[EXERCISE DATA]

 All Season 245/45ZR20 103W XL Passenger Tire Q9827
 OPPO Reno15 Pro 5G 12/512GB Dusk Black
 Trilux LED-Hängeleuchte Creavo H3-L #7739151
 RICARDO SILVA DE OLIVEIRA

[/EXERCISE DATA]

BRIEF
Your reply must consist of the entire listing, repeated word for word.

RESULT
 All Season 245/45ZR20 103W XL Passenger Tire Q9827
 OPPO Reno15 Pro 5G 12/512GB Dusk Black
 Trilux LED-Hängeleuchte Creavo H3-L #7739151
 RICARDO SILVA DE OLIVEIRA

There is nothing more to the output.